MEET PRIMA BALLERINA MONIQUE SCOHY
Meet Monique Scohy – a style aficionado and former prima ballerina in her Stockholm home.
MONIQUE IN OH-14
High up among the rooftops on Folkungagatan on Södermalm in Stockholm, a former prima ballerina raises her champagne glass. “Life starts after 40,” she says.
Monique Scohy is not a big fan of winter in Stockholm. When the OH MY EYES team meet with her there are just a few weeks to go until she’s off with her husband Nils Gunnar Zander to their second home in Melbourne.
Monique was born in Marseille in the south of France but moved to London at 16 to join the Royal Ballet School. “I was terrified. I could hardly speak any English.” Despite the tough schedule – “we only had Sundays to rest…” – it was all worth it.
“It is a nightmare when you think about it. You truly have to love being in the theatre.”
At 17, in 1967, Monique moved to Sydney to join the Australian Ballet Company as the youngest dancer along the star ballet duo of the time: Rudolf Nureyev and Dame Margot Fonteyn.
“I was always very nervous before entering stage. But as soon as I put my foot on it my body relaxed,” she says. “To share that with an audience was incredible.”
Monique was just about to learn Romeo & Juliet when she had to stop dancing at the age of 26 after an operation on her foot. “I tried for one year but I couldn’t return to the level I wished for. It was a short career. Intensive but short.”
A decade later, at 40, Monique was about to start all over again when she met Nils Gunnar, a Swedish artist who had travelled to Australia to paint. “I had a friend who wanted me to meet Zander. And all of a sudden he showed up to see a Yves Saint Laurent fashion show in Melbourne,” she says. In fact he was there to see Monique. Soon they fell in love over lunch in a Japanese restaurant. They moved in together and nine years later they got married in Nils Gunnar’s studio in Melbourne.
“We celebrated with lots of champagne,” Monique recalls.
MONIQUE IN OH-14
When she poses in front of our camera it is like she is back on the ballet stage. She wears: an Saint Laurent black velvet blazer that she bought in 1975. Underneath it – a Commes de Garcons crisp white shirt and black Prada trousers. Her shoes: Yves Saint Laurent. Her red, short and messy hairdo compliments her strict, classic sense of style.
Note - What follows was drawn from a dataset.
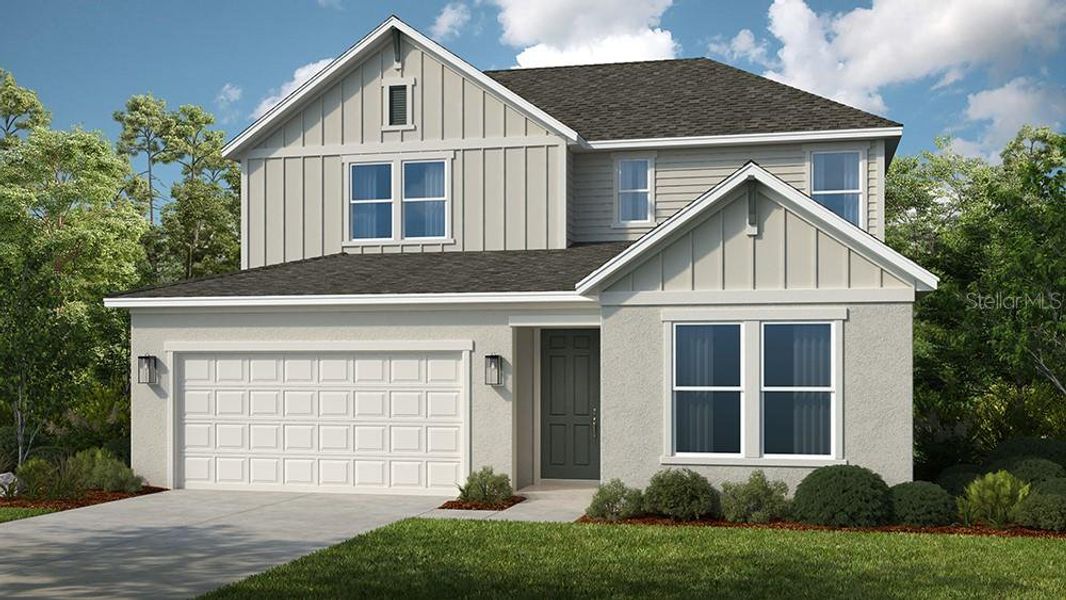 Front exterior of a new home in Skye Ranch Community Group Page, Sarasota, FL, highlighting curb appeal (Image 1). Front exterior of a new home in Skye Ranch Community Group Page, Sarasota, FL, highlighting curb appeal (Image 1).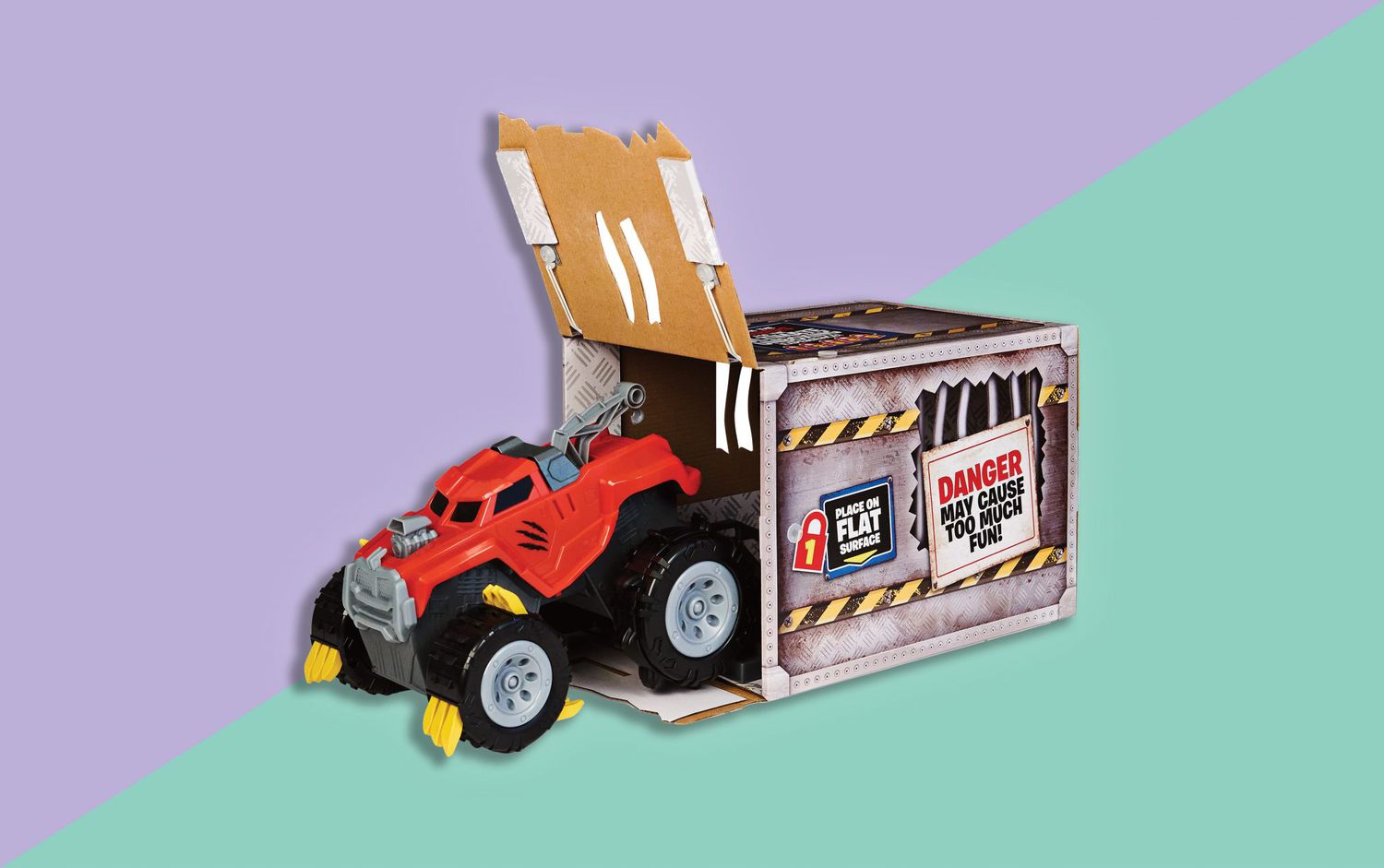toy truck coming out of box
“When I choose an outfit it is like choosing a costume for the theatre. You go from one role to the other, from resembling a flower to wearing incredible fashion.”
She has a big sunglass collection down under, so unfortunately we can’t see it. “A pair of sunglasses complete an ensemble,” she says with her charming French accent.
“When I go in to the theatre I put my sunglasses on, and when I leave I take them off.”
“When I go in to the theatre I put my sunglasses on, and when I leave I take them off. Depending on the style and mood, they can change your personality. You can be tough, feminim, mysterious,” she says and winks. Most importantly, she would never follow fashion trends.
“I’m the opposite. If it’s supposed to be squared, I wear round,” Monique ends.